AbstractThe dynamical core of the Department of Energy global climate model is used to understand the role of non‐hydrostatic dynamics in the simulation of dry and moist baroclinic waves. To reduce computational cost, the Diabatic Acceleration and REscaling approach is adopted. Scale analysis and numerical simulations suggest that the model solution is not distorted by the change of spherical metric terms due to the change of Earth radius, neither are the inter‐scale interactions strongly altered as indicated by the analysis of spectral flux. Compared with hydrostatic simulations, the onset of baroclinic instability is delayed under non‐hydrostatic dynamics as the associated weaker vertical motions tend to increase the critical wavelength and narrow the range of waves that can be baroclinically unstable. During the development of baroclinic waves, non‐hydrostatic dynamics tends to induce vertical motions in the upper troposphere, accelerating the eastward propagation of upper‐level ridges through their impact on local vorticity tendency.
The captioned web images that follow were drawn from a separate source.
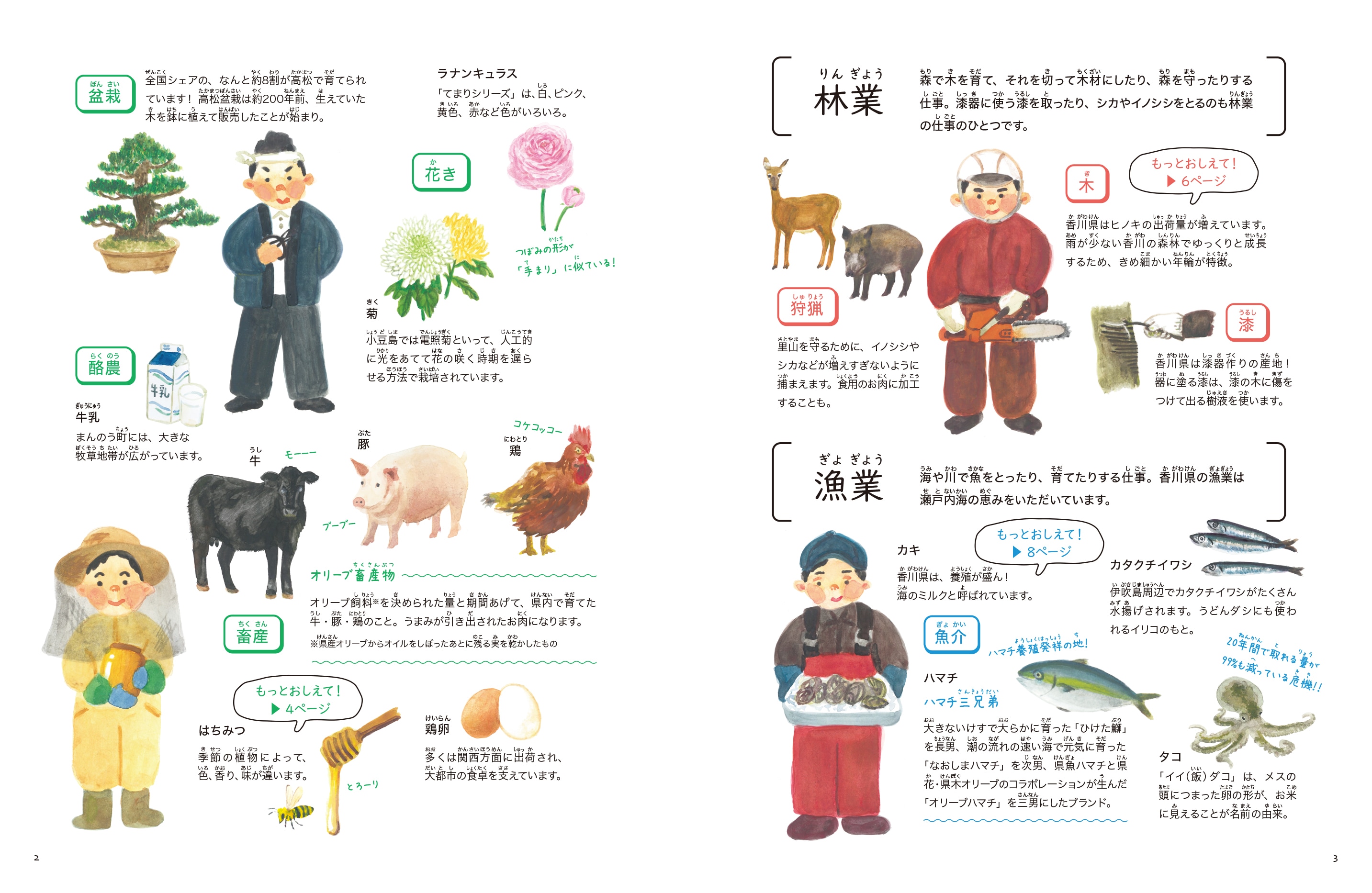 IKUNAS vol.21 ［2025.12］ | BOOK,IKUNAS | IKUNAS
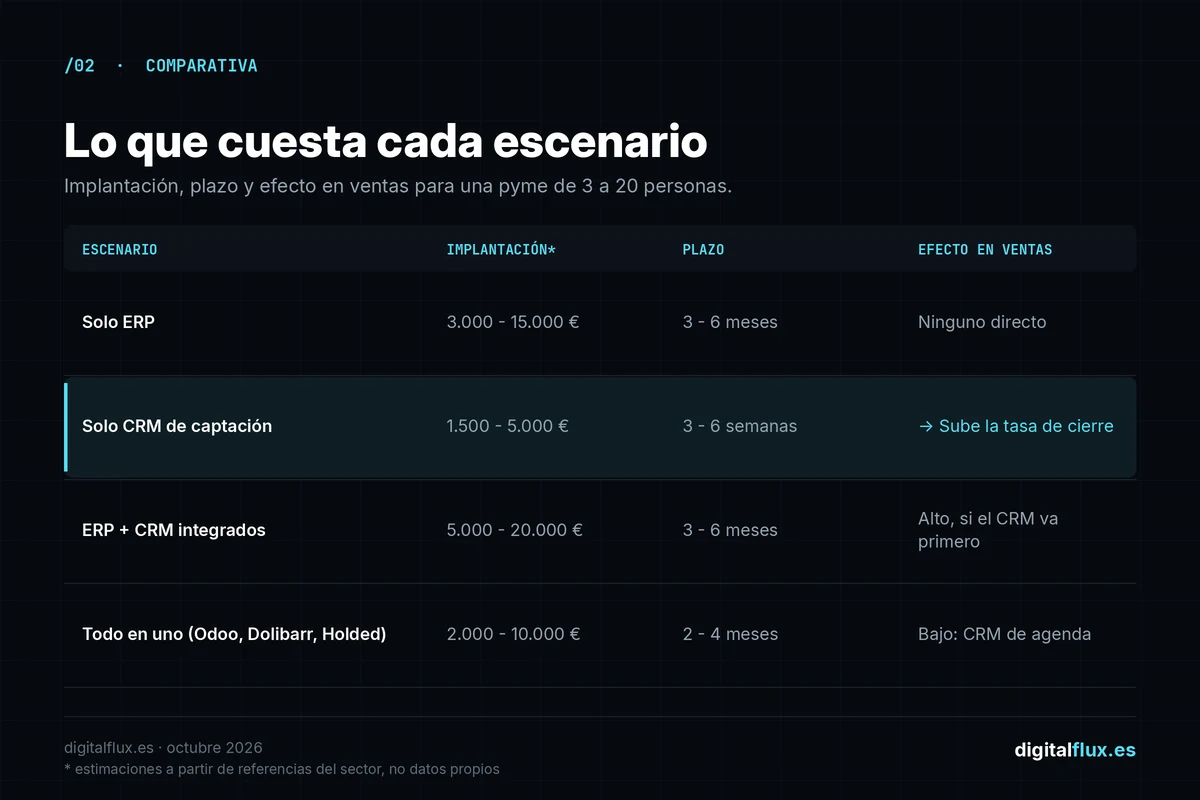 Tabla ERP y CRM: coste de implantación, plazo y efecto en ventas de cada escenario
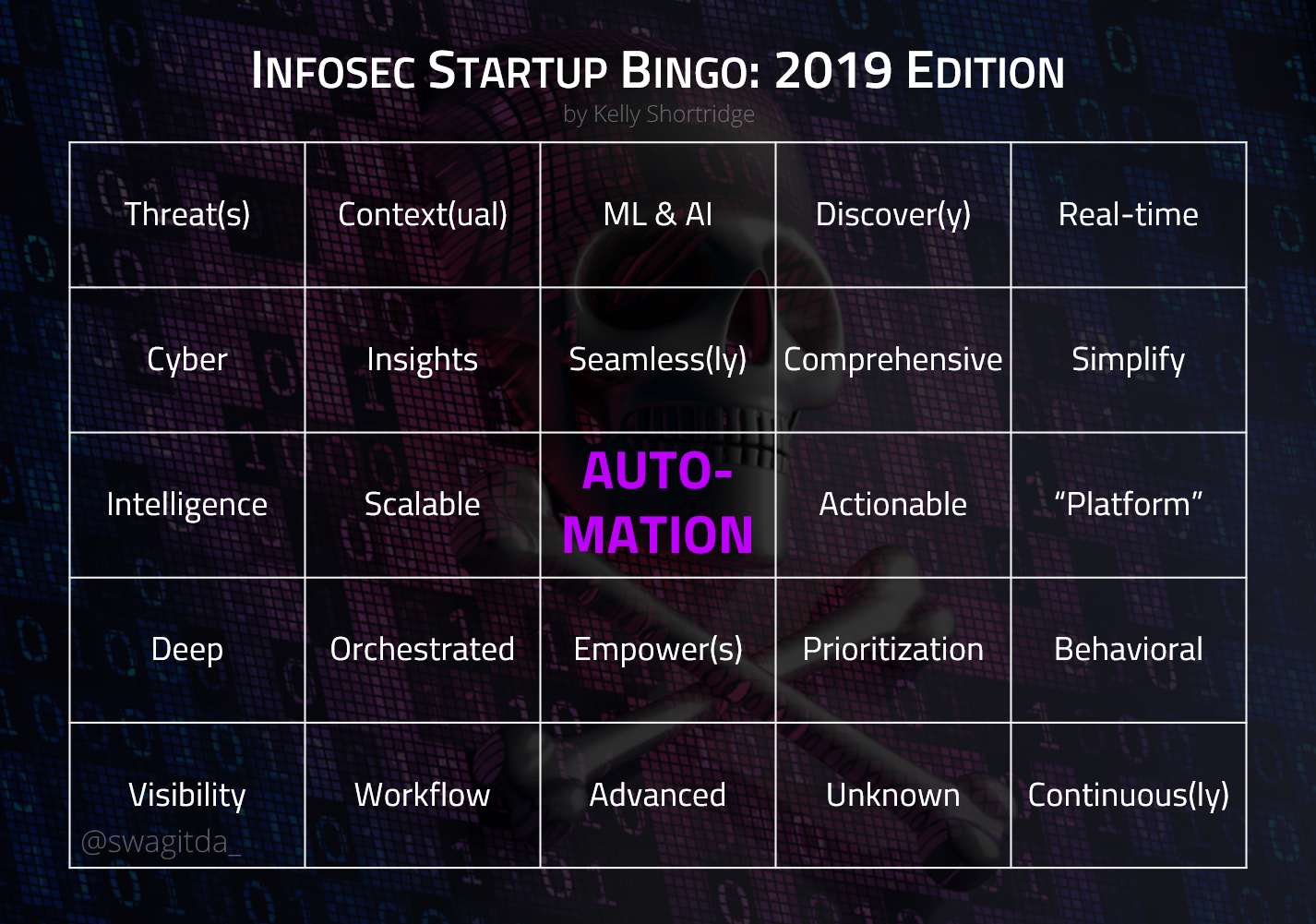 Infosec Startup Buzzword Bingo card for 2019. The buzzwords, from top left to bottom right, include: Threat. Context. Machine Learning and AI. Discover. Real-time. Cyber. Insights. Seamless. Comprehensive. Simplify. Intelligence. Scalable. Automation (the center square). Actionable. Platform. Deep. Orchestrated. Empower. Prioritization. Behavioral. Visibility. Workflow. Advanced. Unknown. Continuous.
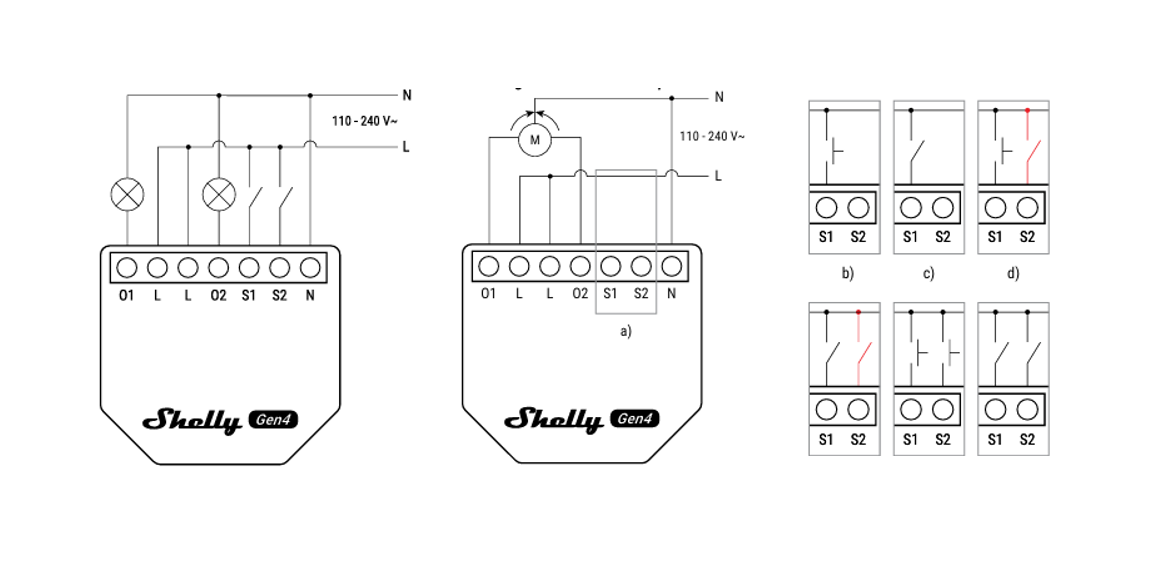 Anschlussschema des Shelly 2PM Gen4: zwei Lampen bzw. ein Rollladenmotor an O1/O2, rechts sechs Schaltervarianten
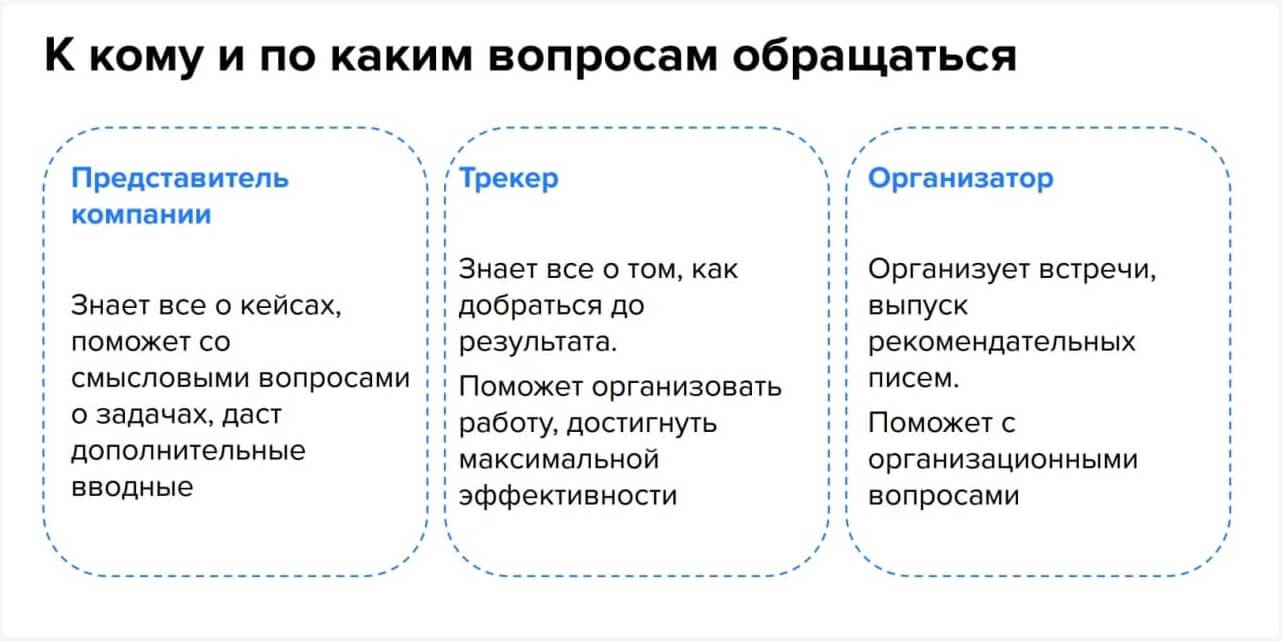 Хакатон, прожарка и кейс-чемпионат: как студенты бизнес-направления Нетологии получают первые кейсы в портфолио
These processes reduce the westward tilt of the vertical ridge axes and suppress the conversion of mean flow available potential energy to eddy kinetic energy, leading to weaker baroclinic eddies than in hydrostatic simulations. The contrasts between hydrostatic and non‐hydrostatic settings hold in supplemental experiments that vary the background flow Rossby number, the amount of water vapor content and vertical resolution. We also find that mesoscale and smaller‐scale activities can be considerably under‐represented when the vertical resolution is limited to that typically used in global climate models.